Multiple-source backup tool: backup files|MySQL|LDAP|PostgresSQL to git|rsync|duplicity|tar archives
Project description
Polyarchiv
==========
Backup data from multiple local sources (organized in local repositories) and send them to one or more remote repositories.
/--------------------------\
local repository 1: git ________\__ | remote repository 1: git |
/------------------------\ / / | data of local 1 |
| source 1: files |---->---/ \--------------------------/
| source 2: mysql |
| source 3: mysql |---->---\
\------------------------/ \________\___ /----------------------------\
/ | remote repository 2: files |
| data of local 1 |
local repository 2: files ________\___ | data of local 2 |
/------------------------\ / / \----------------------------/
| source 1: files |---->---/
| source 2: mysql |
\------------------------/
Configuration is based on simple `.ini` files:
* `my-local-repo.local` defines a local repository named `my-local-repo`,
* `my-remote-repo.remote` defines a remote repository named `my-remote-repo`.
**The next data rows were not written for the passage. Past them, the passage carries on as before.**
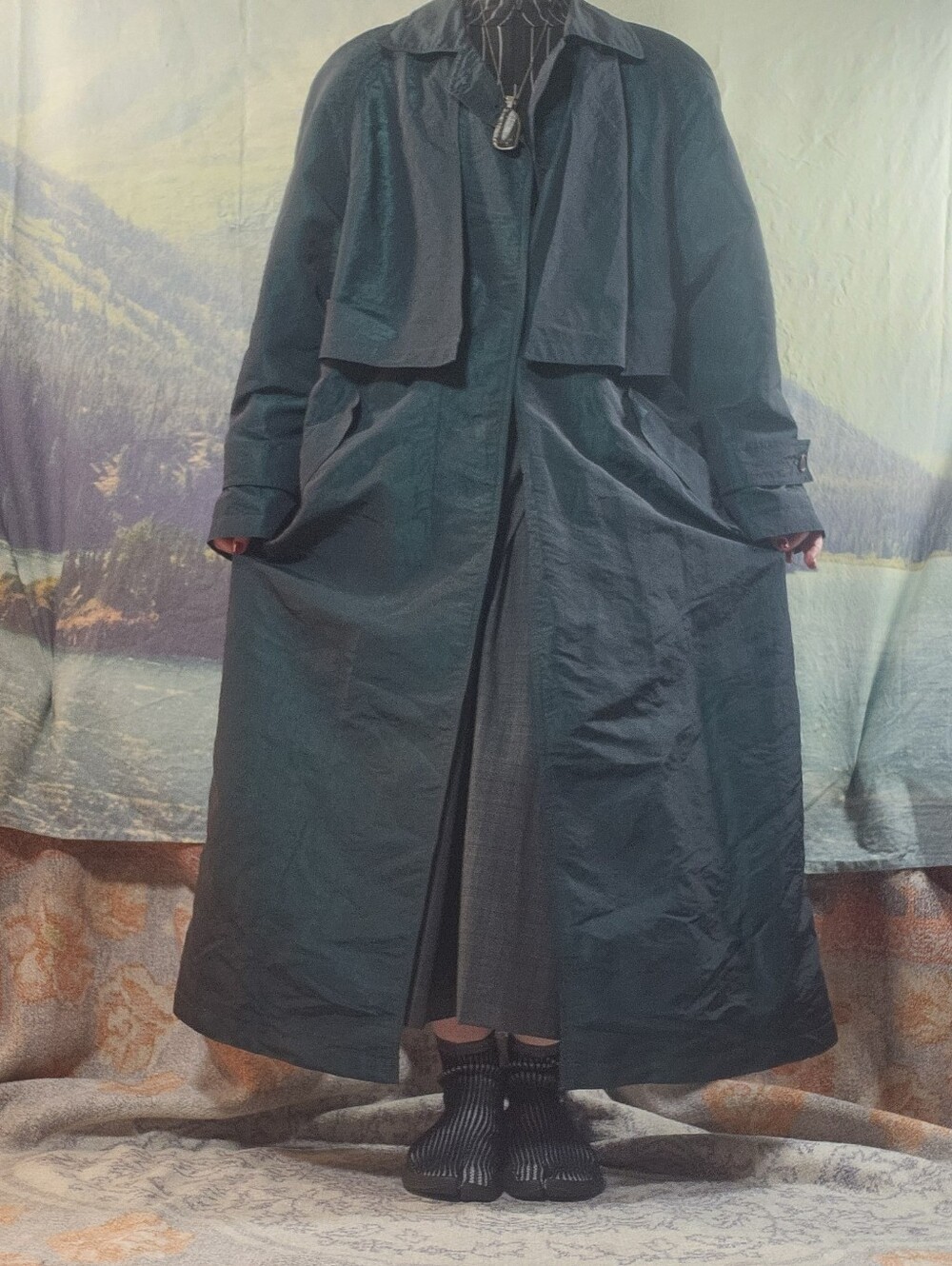 Michelle Stuart Water's Edge Iridescent Green Taffeta Trench Coat 14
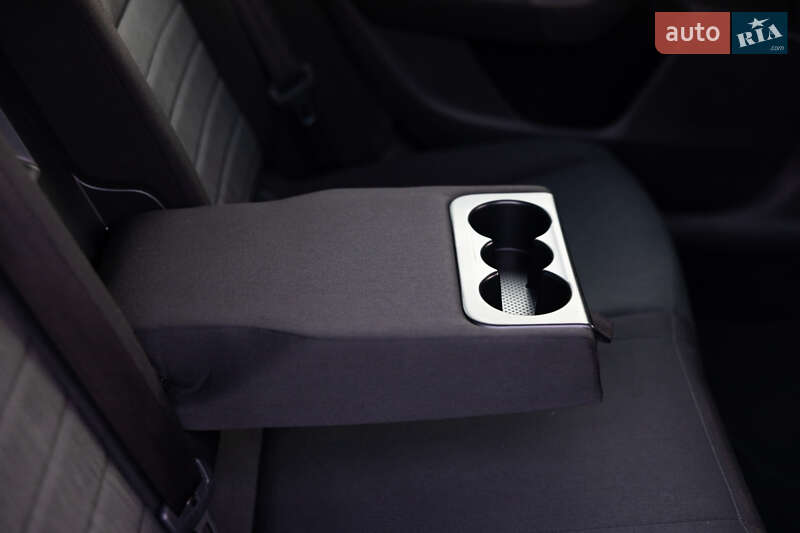 Универсал Skoda Octavia 2016 в Луцке фото 58 Универсал Skoda Octavia 2016 в Луцке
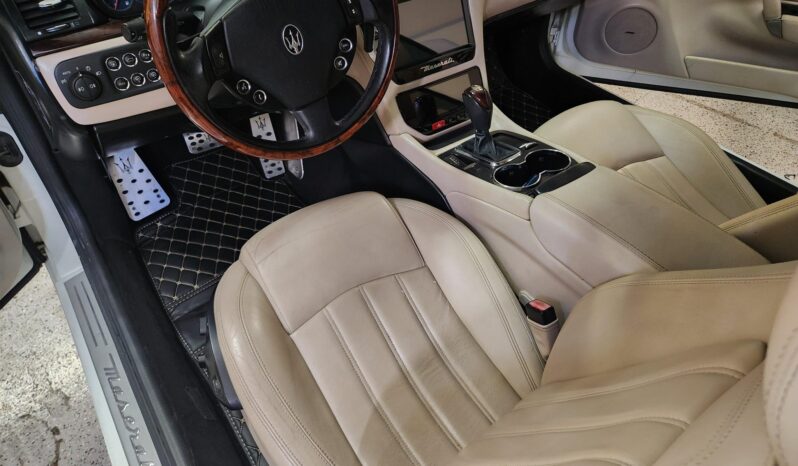 								2011 Maserati GranTurismo Convertible full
Each local repository defines one or more data sources, all of them being defined in the `my-local-repo.local` file:
* directory with files,
* MySQL or PostgreSQL database to dump,
* OpenLDAP database to dump.
There are several kinds of local repositories:
* raw files,
* local git repository: after each backup, files that have been gathered from the different sources are added and locally commited.
There are also several kinds of remote repositories:
* gitrepository (requires a local git repository): after the backup, local commits are pushed to this remote git repository,
* rsync: after the backup, all files are synchronized to the remote repository,
* tararchive: after the backup, all files are archived in a single .tar.gz archive and sent to the remote repo (via ftp, scp, http, smb, or a basic cp),
* duplicity: after the backup, all files are encrypted and sent to the remote repository.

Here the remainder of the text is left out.